_Short web captions:_
::::

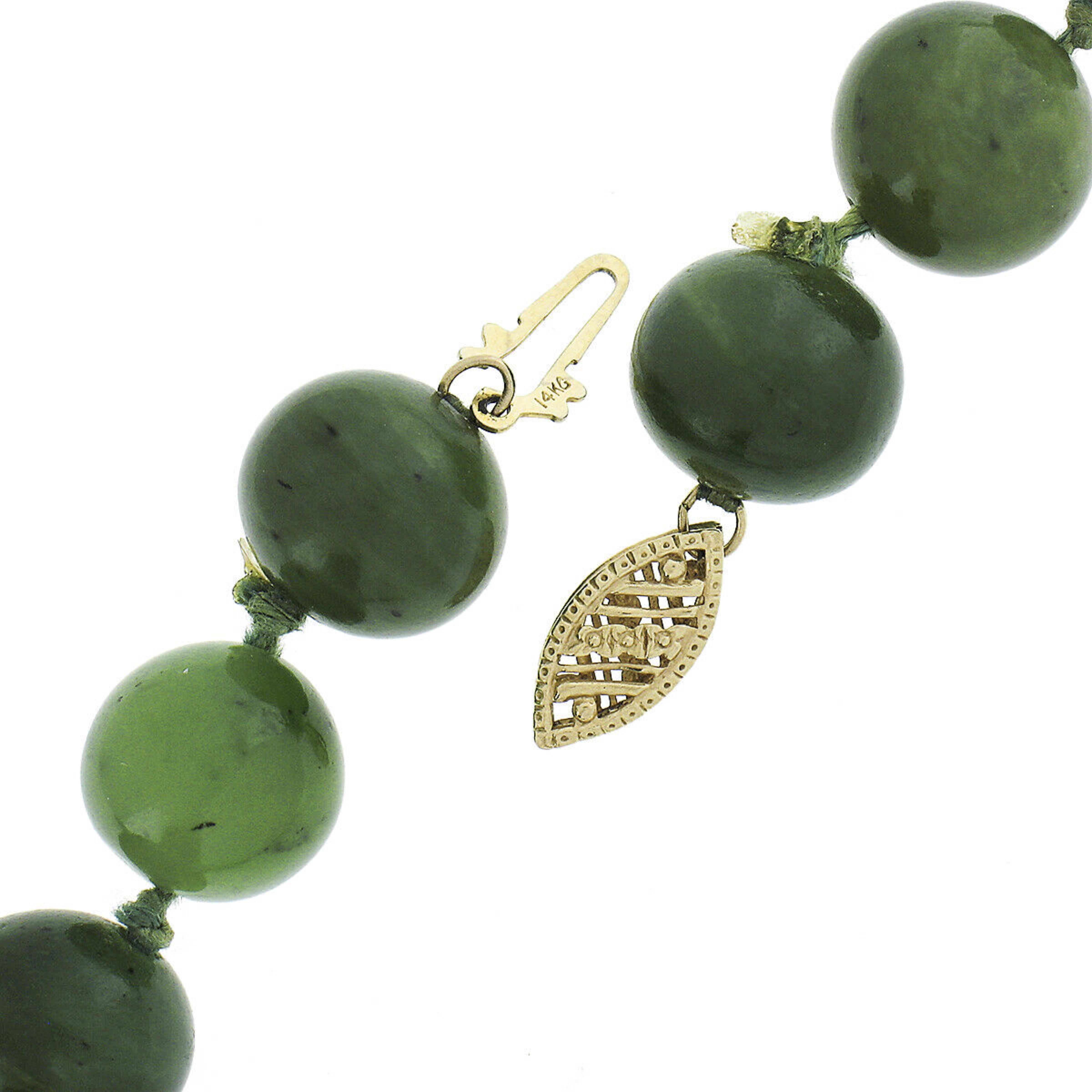 Halskette mit 14 Karat Goldverschluss, GIA, runder Perlen-Nephrit-Jade-Rand 2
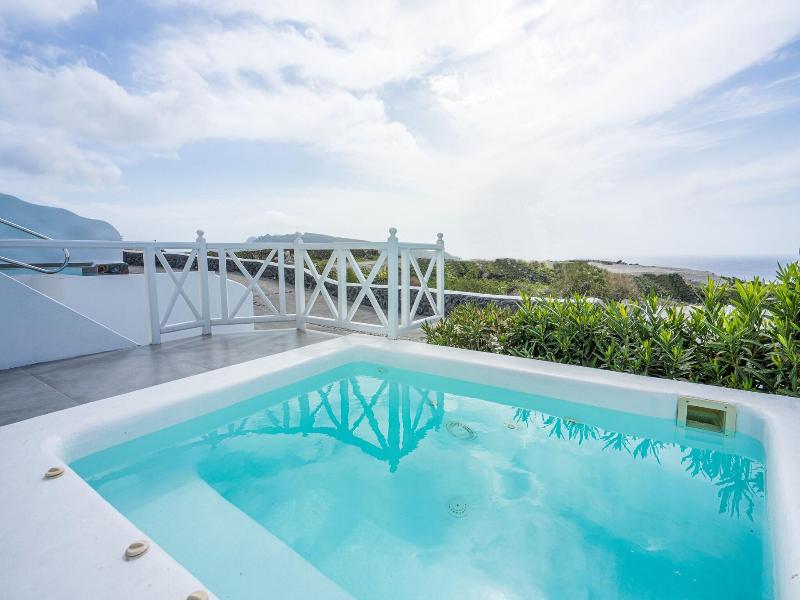 Oia Sunset Villas - Villa Swinging Sunset — photo 127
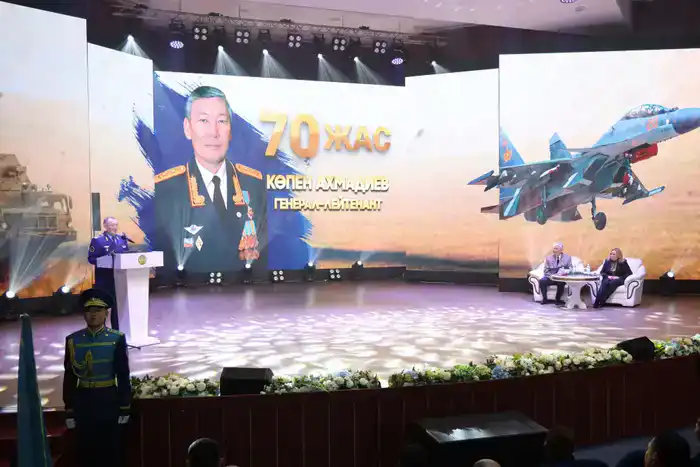 В Астане ветерана Сил воздушной обороны Копена Ахмадиева поздравили с юбилеем (3)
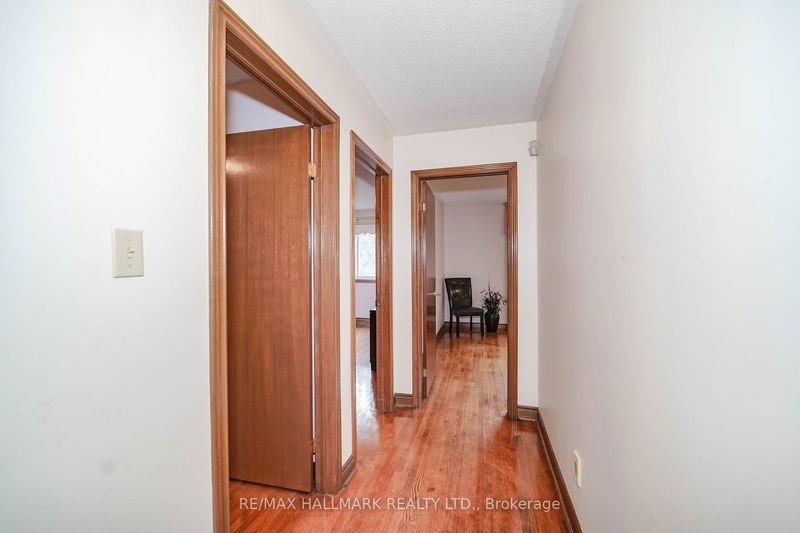 40 Aragon Ave  Toronto, M1T 1X7 | Image 15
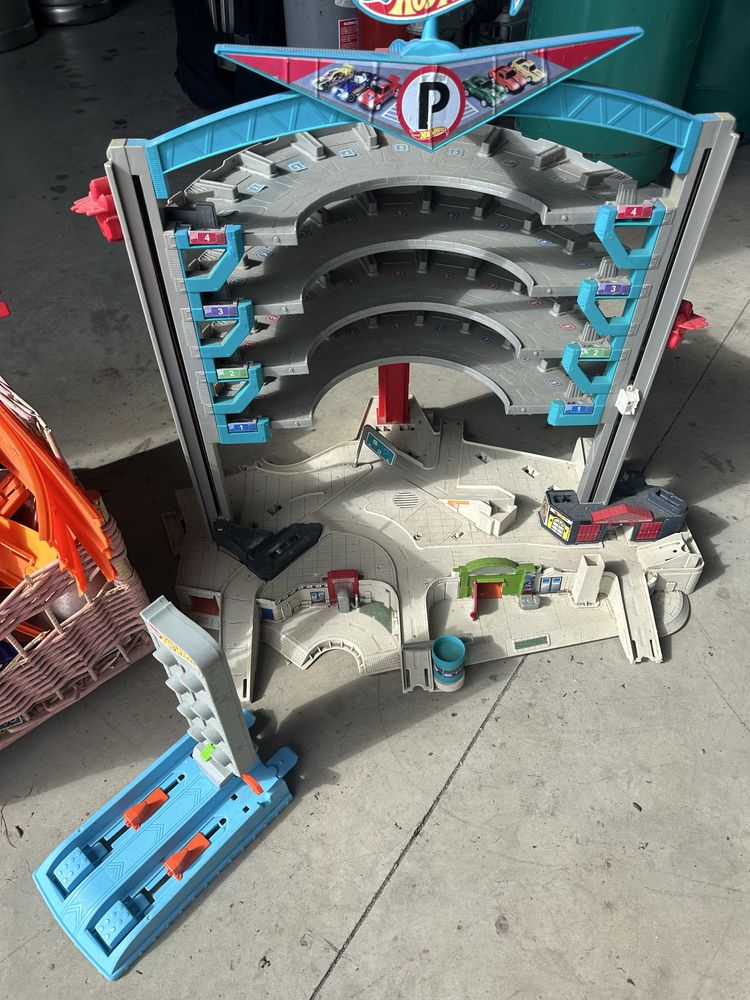Hot wheels oficina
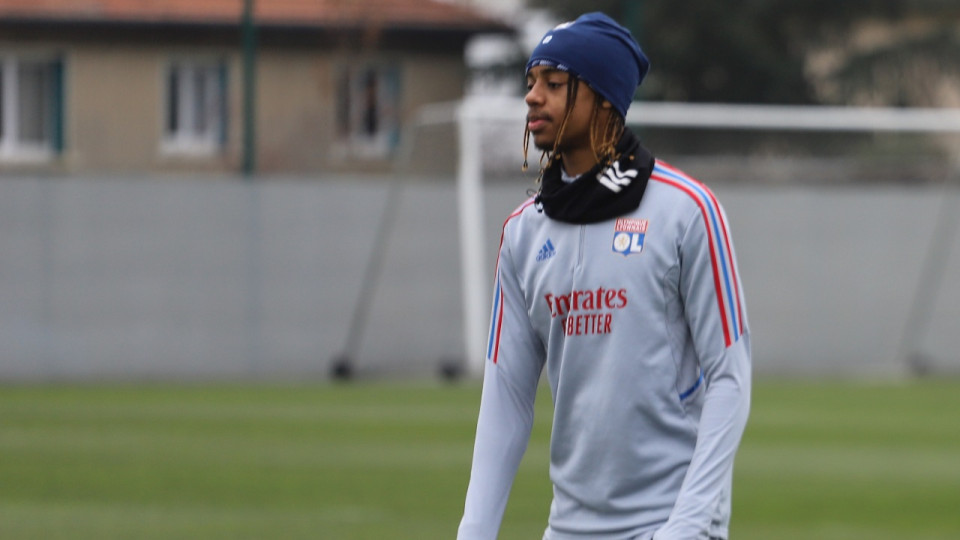 OL : Première convocation chez les Bleuets pour Bradley Barcola et Johann Lepenant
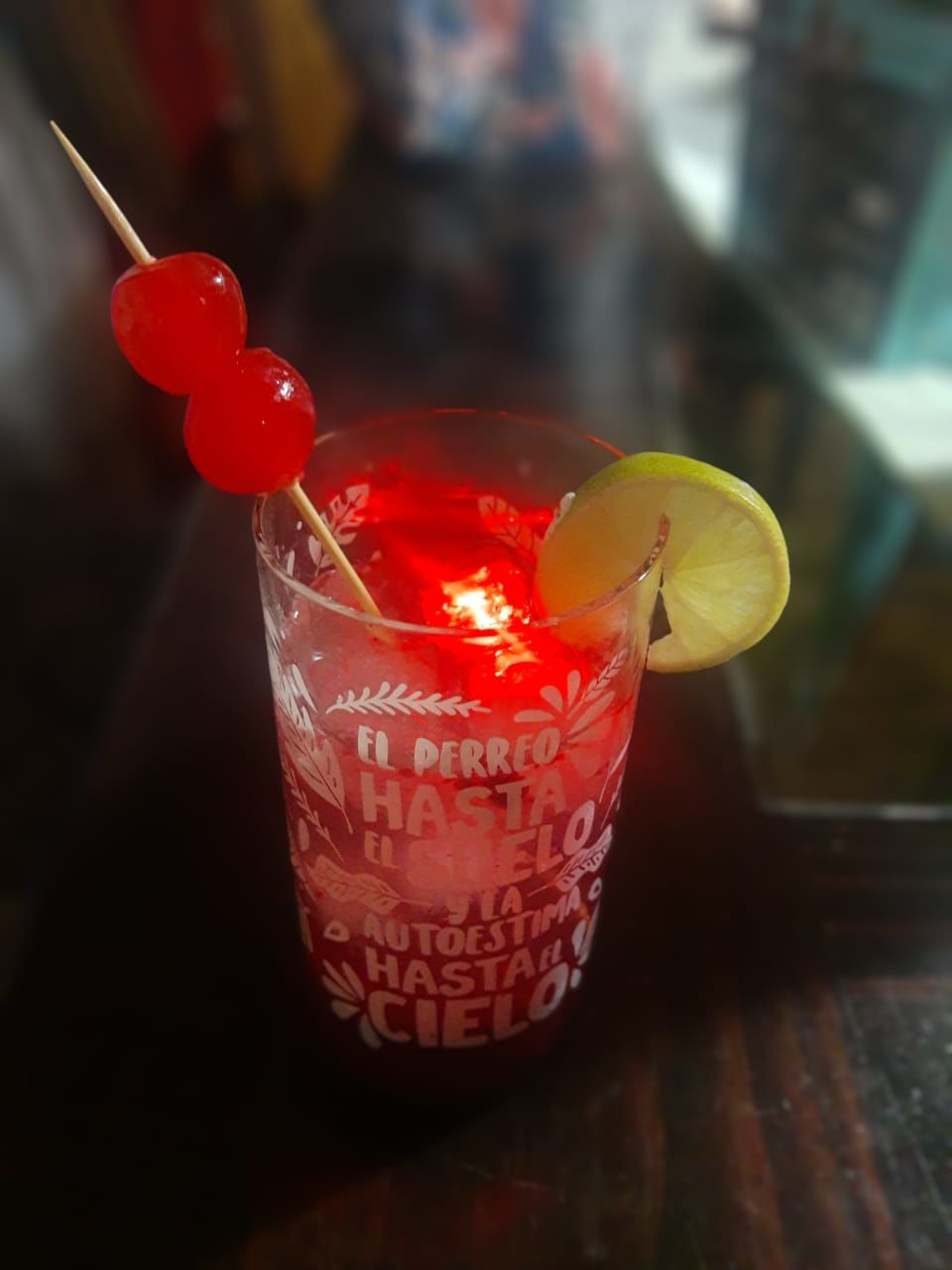 Customer photo review of Vaso Feminista Girl Power Juego de 6 Vasos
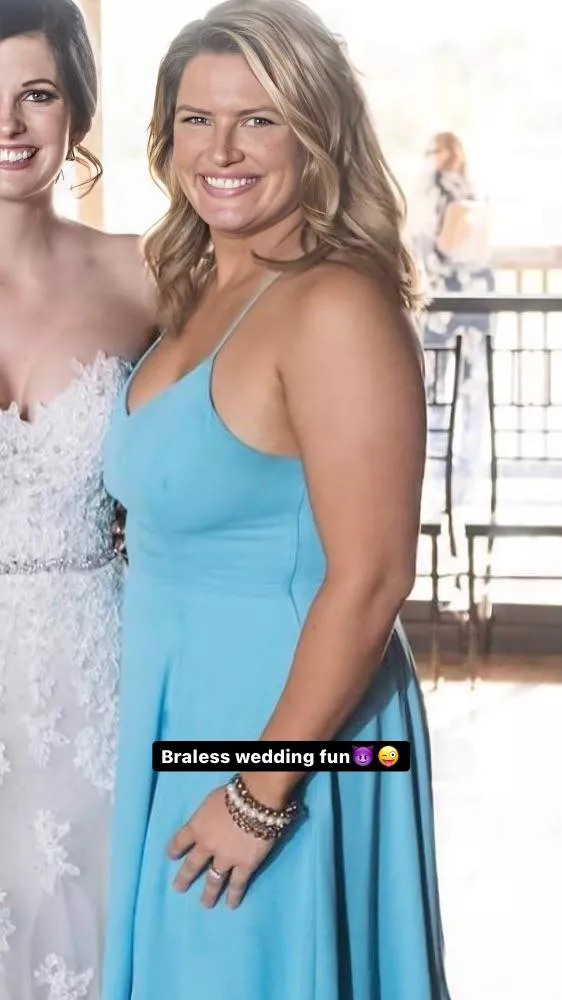 Mom of 2, letting them hang at my friend’s wedding😈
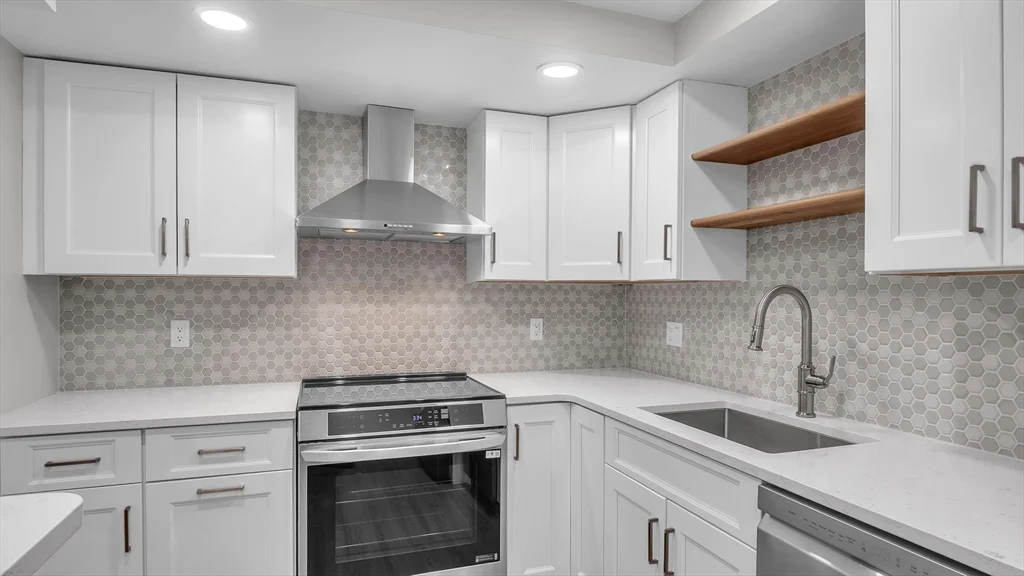 1 bed, 1 bath apartment for rent at 6 Alaric Ter Unit B, West Roxbury — photo 9 of 35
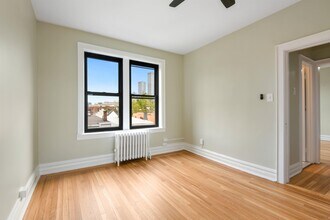 56 Glenwood Ave-Unit -45 in Jersey City, NJ - Building Photo - Building Photo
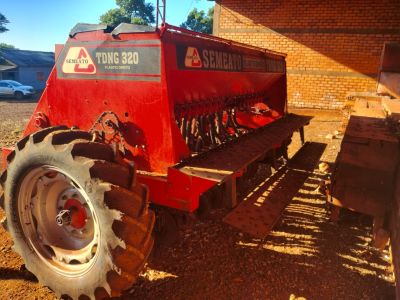 Foto Semeadeira Semeato TDNG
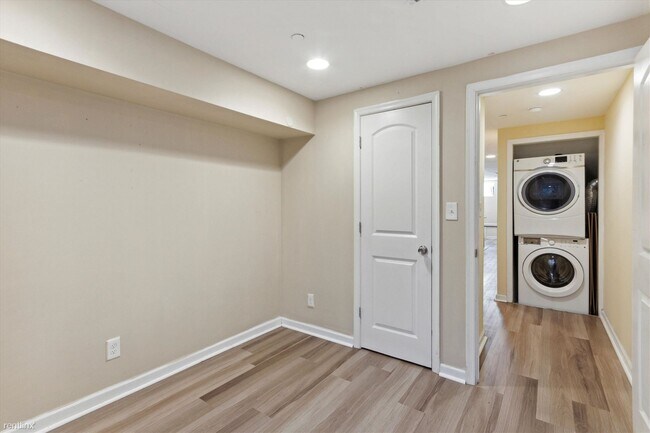 Foto del edificio - 4 br, 2 bath Duplex - 1821 N BOUVIER ST Un...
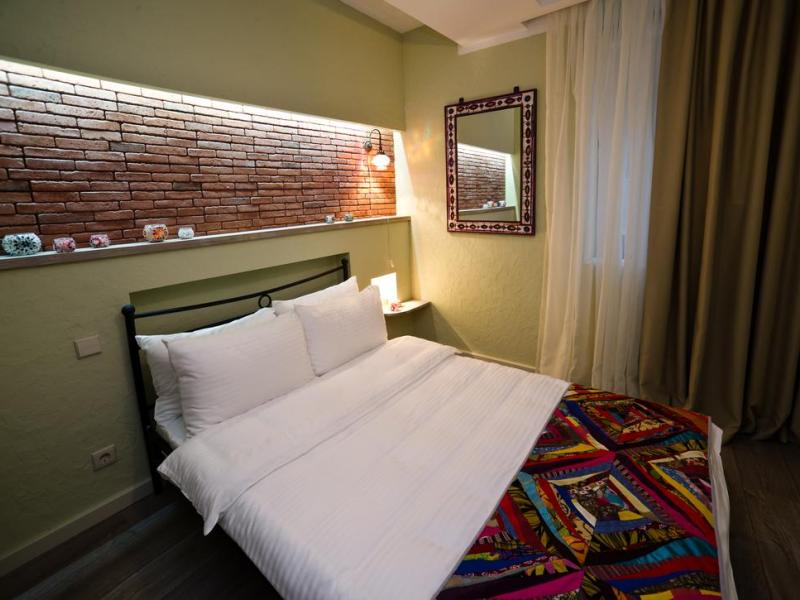 №12 Boutique Hotel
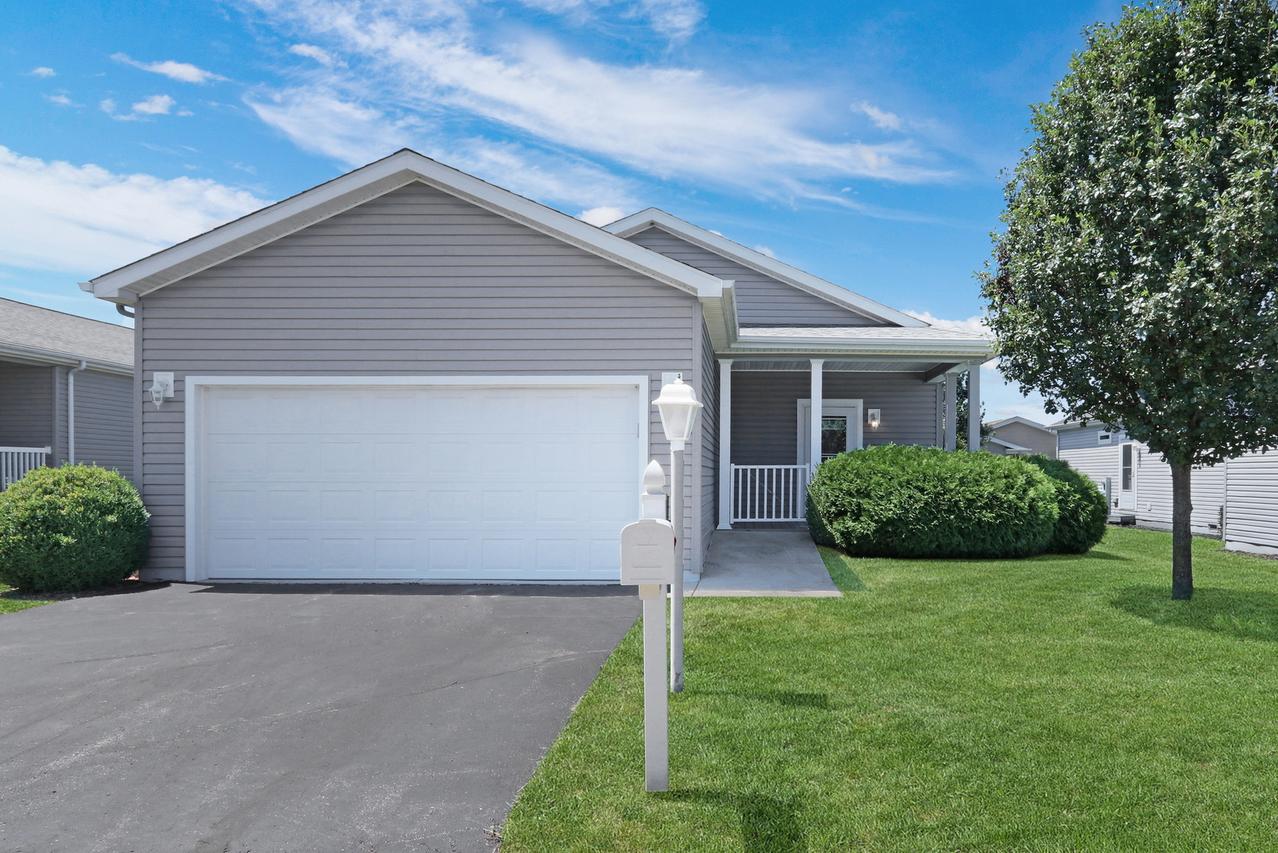 1810 Blue Ribbon Ln., Grayslake, IL 60030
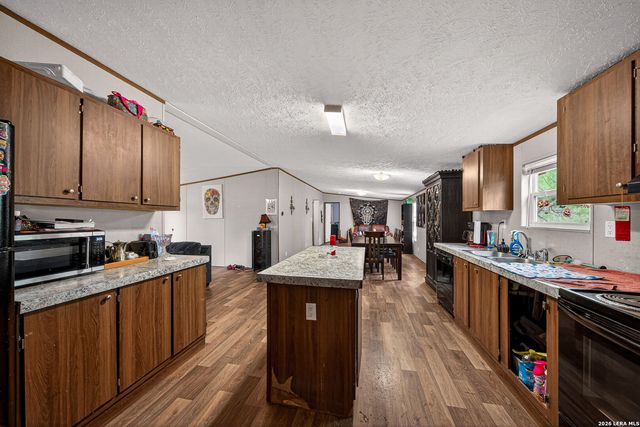 106 County Road 2672, Devine, TX 78016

::::

_Task to complete:_ Copy out only the lines beginning at the line with "Foto del edificio" and ending at the last line of the entries. Keep them exact; drop pictures.

_Solution for this problem:_
 Foto del edificio - 4 br, 2 bath Duplex - 1821 N BOUVIER ST Un...
 №12 Boutique Hotel
 1810 Blue Ribbon Ln., Grayslake, IL 60030
 106 County Road 2672, Devine, TX 78016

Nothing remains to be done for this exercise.